Notification system for administrators during anomalies or issues with Platform or Registry components

Prometheus Operator

openshift-monitoring

prometheus-operator

3rd-party

Monitoring component providing configuration, deployment, and maintenance of Prometheus monitoring subsystem components

Monitoring Subsystem Operator

openshift-monitoring

cluster-monitoring-operator

3rd-party

Configuration, deployment, and maintenance of the Platform’s monitoring subsystem in OpenShift.

Prometheus Query Service

openshift-monitoring

thanos-querier

3rd-party

Aggregates and deduplicates primary orchestration platform metrics of OpenShift and Registry metrics under a multi-user interface.

Virtual Machine Metrics Exporters

openshift-monitoring

node-exporter

3rd-party

Collection of metrics from the Platform and Registry virtual machines

Monitoring Service

openshift-monitoring

prometheus-k8s

3rd-party

Collection and storage of Platform and Registry component metrics. Central component on which the Event and Alert Monitoring Subsystem is based. Prometheus is a time-series database and metric rule engine. It also sends alerts to Alertmanager for processing.

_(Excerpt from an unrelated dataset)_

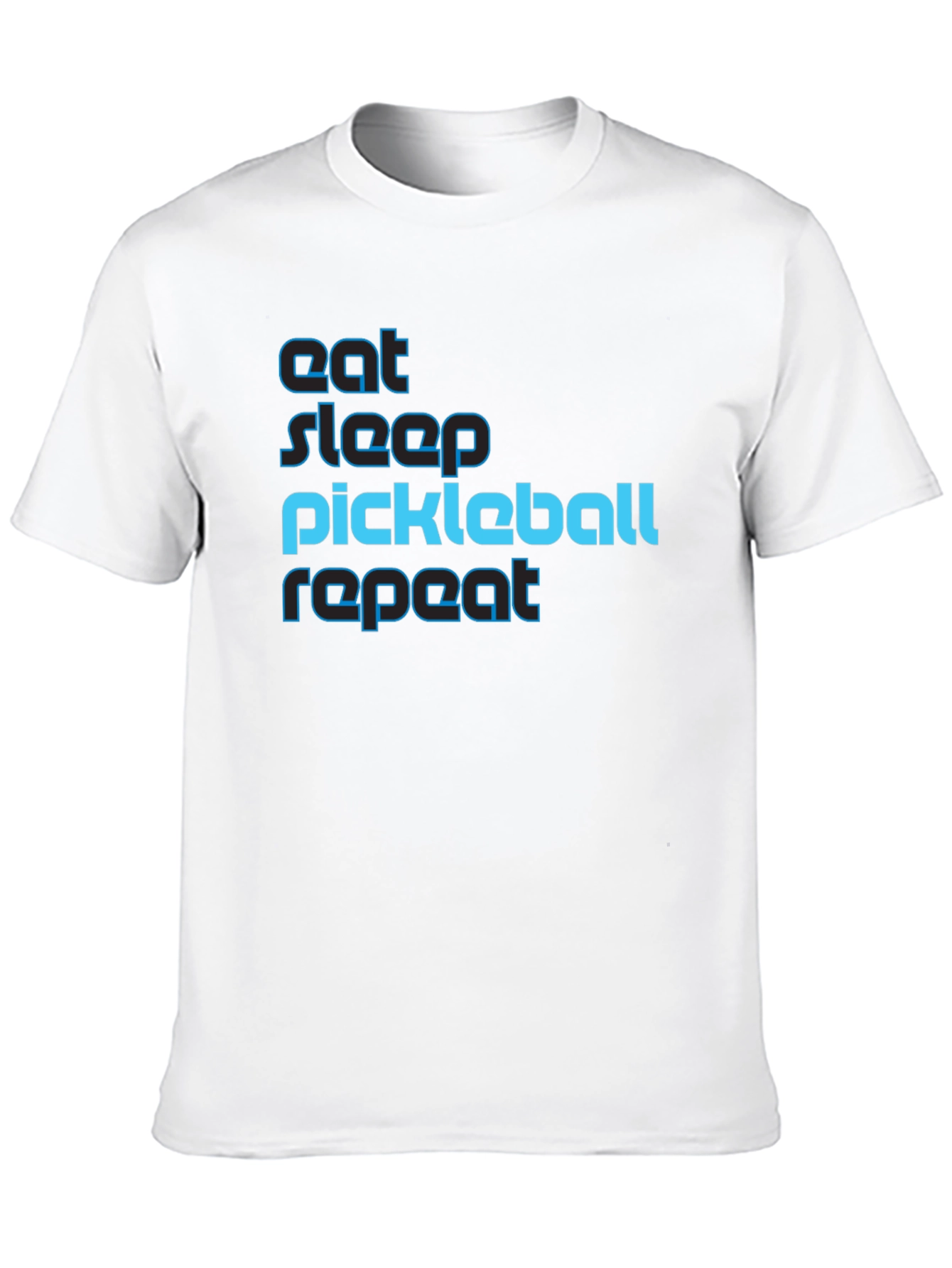 Eat Sleep Pickleball Repeat Graphic Tee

k8s Object Monitoring Service

openshift-monitoring

kube-state-metrics

3rd-party

Collects metrics related to the state of resources and objects of the Kubernetes API server in the container orchestration platform.

OpenShift Object Monitoring Service

openshift-monitoring

openshift-state-metrics

3rd-party

Collects metrics related to the state of resources and objects of the OpenShift API server in the container orchestration platform.

OKD Cluster Scaling Metric Integration Component

openshift-monitoring

prometheus-adapter

3rd-party

Metrics transfer between Prometheus and the container orchestration platform’s auto-scaling components.

5. Grafana dashboards

The dashboards listed below are installed immediately upon installation of the Registries Platform.

This set allows Platform and registry administrators to track component performance over time and identify potential problems before they become critical.

Dashboard

Technical name

Owner subsystem

Purpose

Camunda dashboard

camunda-metrics

Business Process Execution Subsystem

Allows visibility into general metrics of business process execution and user tasks (message exchange, deletion of historical data)

Ceph dashboard

ceph

Distributed Data Storage Subsystem

Allows general Ceph state metrics analysis and its components (current status, volumes of free and occupied storage, and performance metrics).

etcd dashboard

etcd

Container Orchestration Platform

Allows viewing general etcd storage metrics of the OKD container orchestration platform (leader election statistics by the RAFT algorithm, current status, and storage size).

OpenShift Cluster Metrics dashboard

cluster-total

General metrics for using the OKD container orchestration platform resources. It provides detailed metrics about the CPU, RAM, network, and disk load of the OpenShift cluster.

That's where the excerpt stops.